In a standard PGM transport we might expect hundreds to thousands of timers awaiting to be fired, from sending session keep alive messages (SPMs) to re-requesting lost data (NAKs). We want to minimize the number of high resolution timers, and minimise overhead of changing timers due to incoming data or receiver state changes and we can do that by managing the entire transport timers internally and presenting one global timer to the underlying Glib event loop. The following diagram shows the two sides of the transport, one of three timers per packet on the receive side: NAK_RB_IVL for NAK request back-off, NAK_RPT_IVL to repeat send a NAK, and NAK_RDATA_IVL to wait for a RDATA if seeing a NAK confirm (NCF); the send side includes an ambient SPM keeping the session alive, and heartbeat SPMs to help flush out trailing packets that might have been lost.

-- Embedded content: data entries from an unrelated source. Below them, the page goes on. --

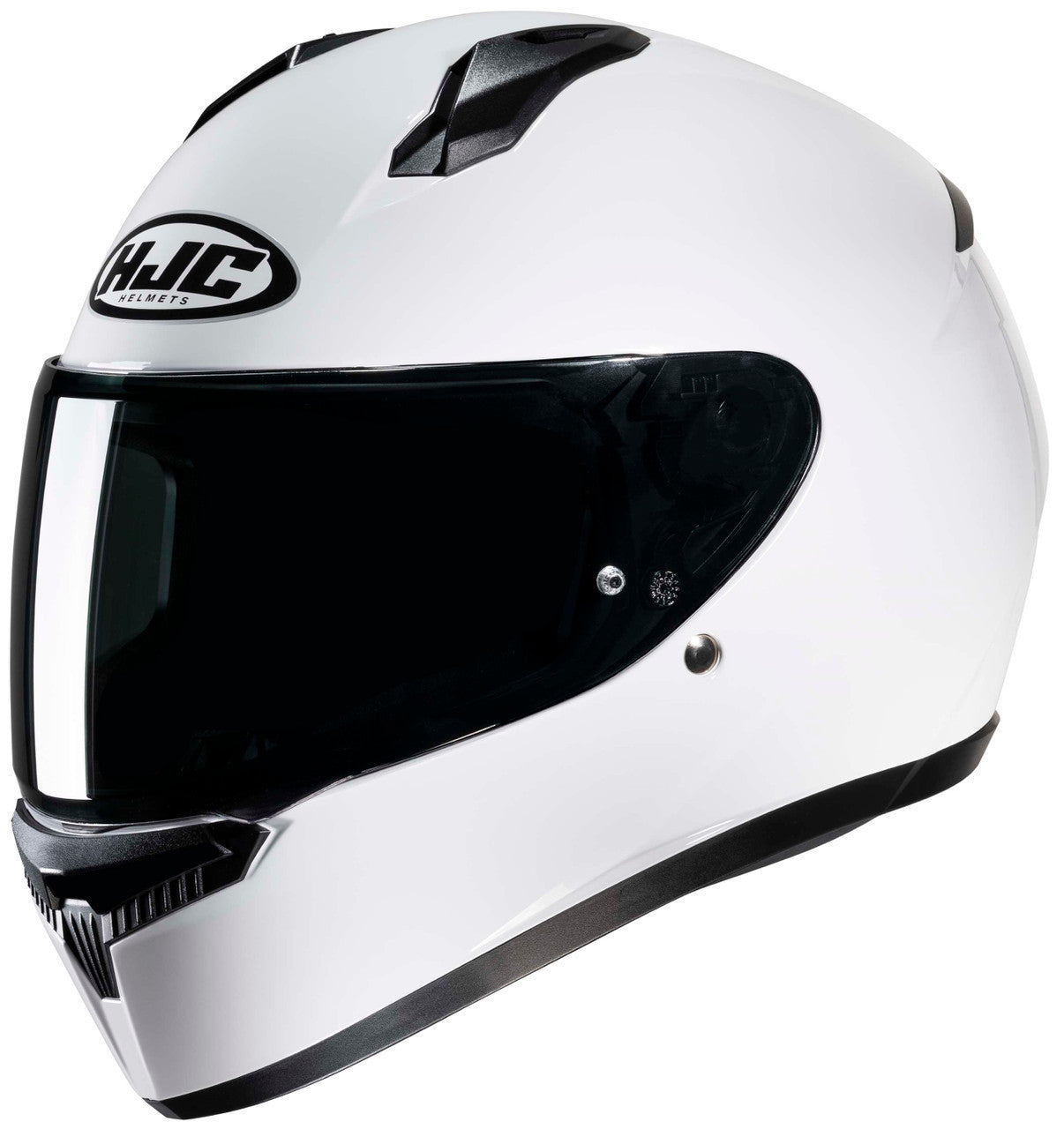 HJC C10 Solid Full Face Motorcycle Helmet - Team Motorcycle
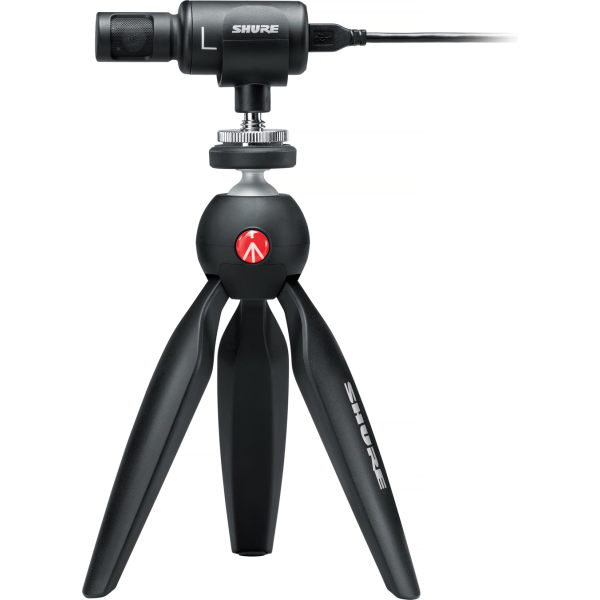 Shure MOTIV MV88+ Video Kit digitális sztereó kondenzátormikrofon Shure MOTIV MV88+ Video Kit digitális sztereó kondenzátormikrofon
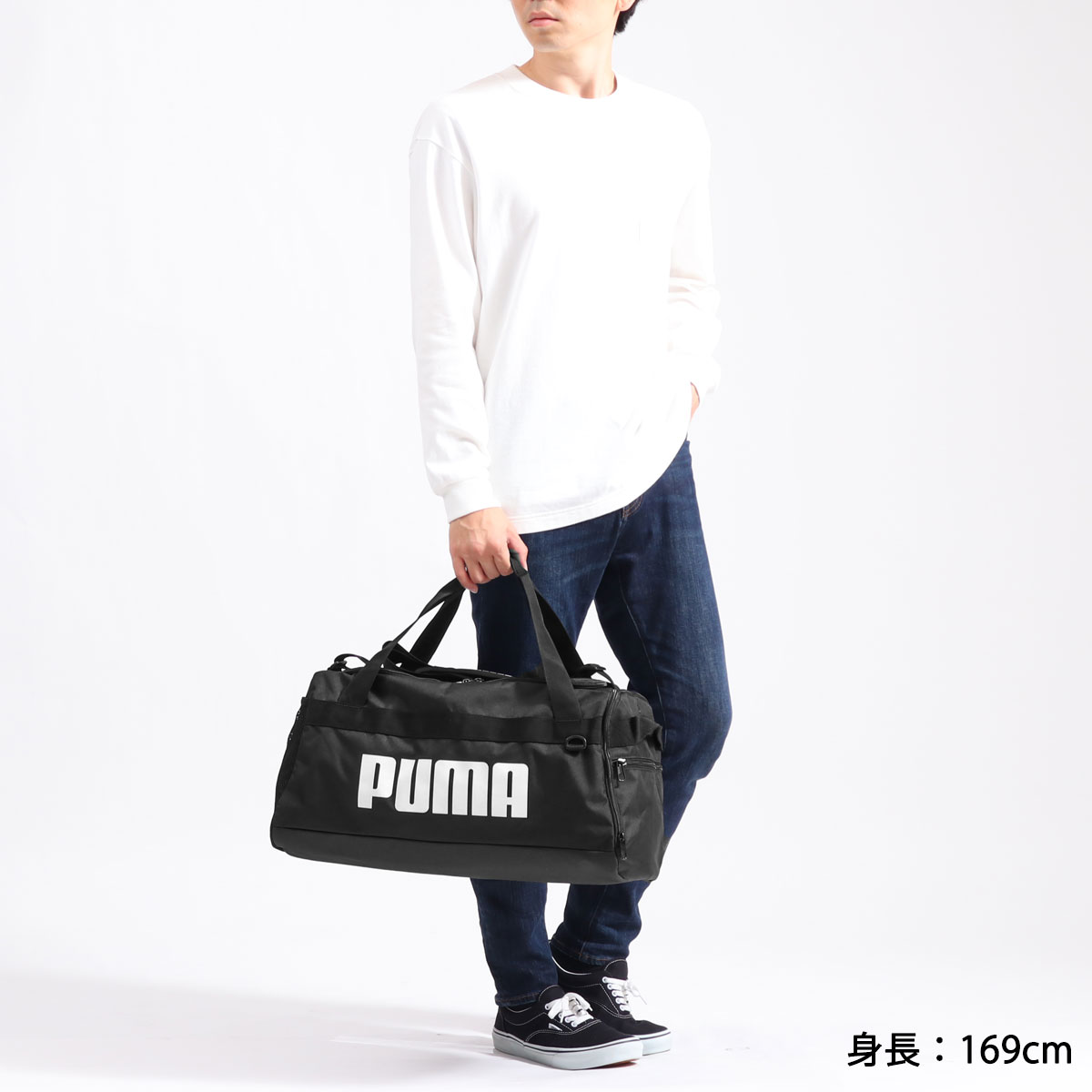 PUMA プーマ チャレンジャー ダッフルバッグ S 35L 076620｜【正規販売店】カバン・小物の専門店のギャレリアモール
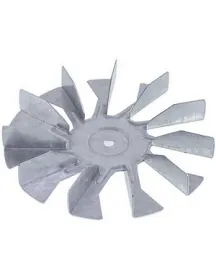 Крыльчатка вентилятора для духовки AEG 5550231012 D=120mm D отверстия=6mm (металл)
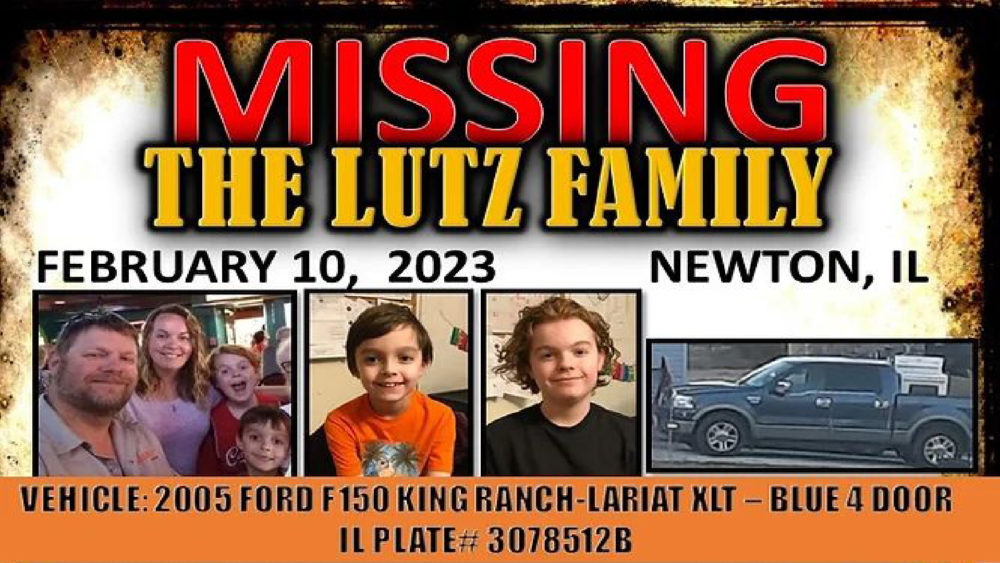 Lutz Family - Missing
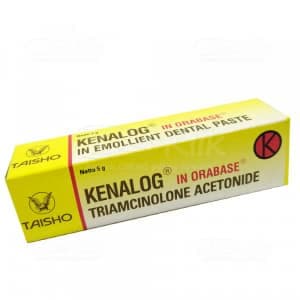 KENALOG IN ORABASE (CK)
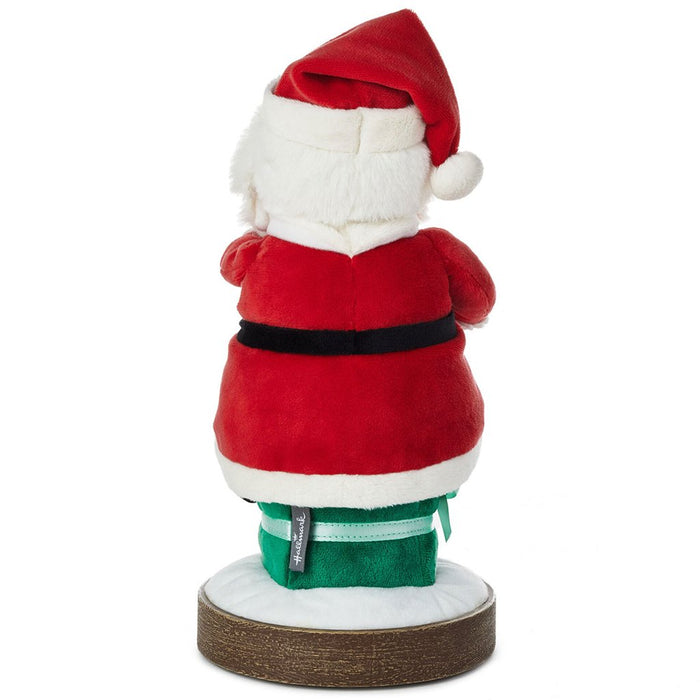 Hallmark : Santa Claus Musical Christmas Tree-Lighting Plush Figurine, 12" - Hallmark : Santa Claus Musical Christmas Tree-Lighting Plush Figurine, 12"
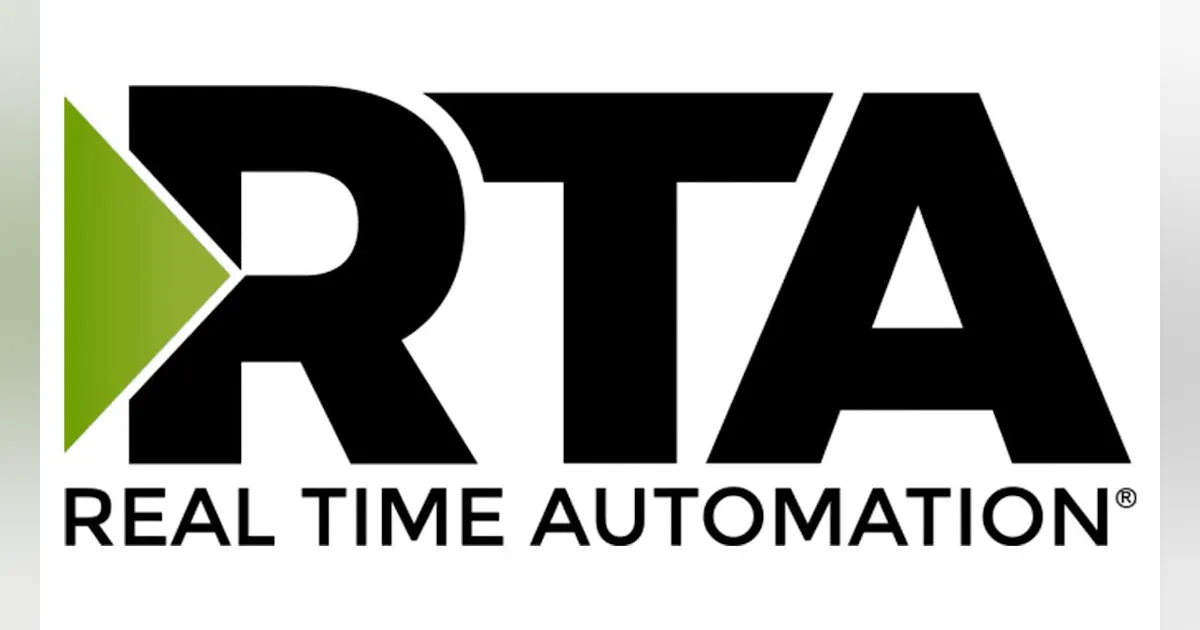 Real Time Automation, Inc. (RTA) | New Equipment Digest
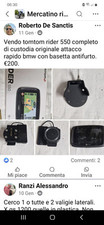 Tomtom rider 550 usato  Civitavecchia
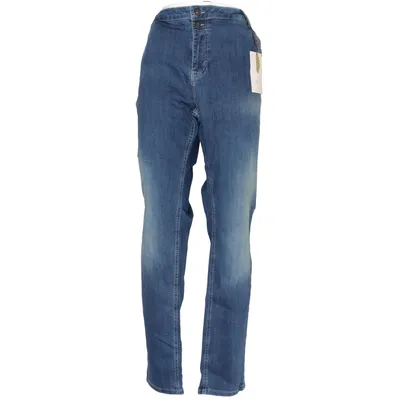 Jeans (Blå) fra Zay Bomuld, Elastan, Polyester
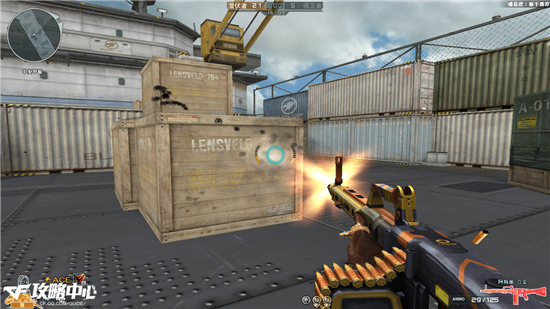 cf体验服阿梅利合金机枪全解析枪械数据评测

Once Linux implements high resolution timers for select()/poll() this method is no longer required and we should expect improved CPU usage on the timer thread.

Ceci n’est pas une pipe

2007-05-11T15:29:00.010+08:00

Signals on many platforms are completely not-thread safe, this being due to the delivery by an interrupt which can halt execution mid-way through a function call. Checking the man page signal(2) POSIX.1-2003 lists safe functions to call in a signal handler:

_Exit() _exit() abort() accept() access() aio_error() aio_return() aio_suspend() alarm() bind() cfgetispeed() cfgetospeed() cfsetispeed() cfsetospeed() chdir() chmod() chown() clock_gettime() close() connect() creat() dup() dup2() execle() execve() fchmod() fchown() fcntl() fdatasync() fork() fpathconf() fstat() fsync() ftruncate() getegid() geteuid() getgid() getgroups() getpeername() getpgrp() getpid() getppid() getsockname() getsockopt() getuid() kill() link() listen() lseek() lstat() mkdir() mkfifo() open() pathconf() pause() pipe() poll() posix_trace_event() pselect() raise() read() readlink() recv() recvfrom() recvmsg() rename() rmdir() select() sem_post() send() sendmsg() sendto() setgid() setpgid() setsid() setsockopt() setuid() shutdown() sigaction() sigaddset() sigdelset() sigemptyset() sigfillset() sigismember() signal() sigpause() sigpending() sigprocmask() sigqueue() sigset() sigsuspend() sleep() socket() socketpair() stat() symlink() sysconf() tcdrain() tcflow() tcflush() tcgetattr() tcgetpgrp() tcsendbreak() tcsetattr() tcsetpgrp() time() timer_getoverrun() timer_gettime() timer_settime() times() umask() uname() unlink() utime() wait() waitpid() write()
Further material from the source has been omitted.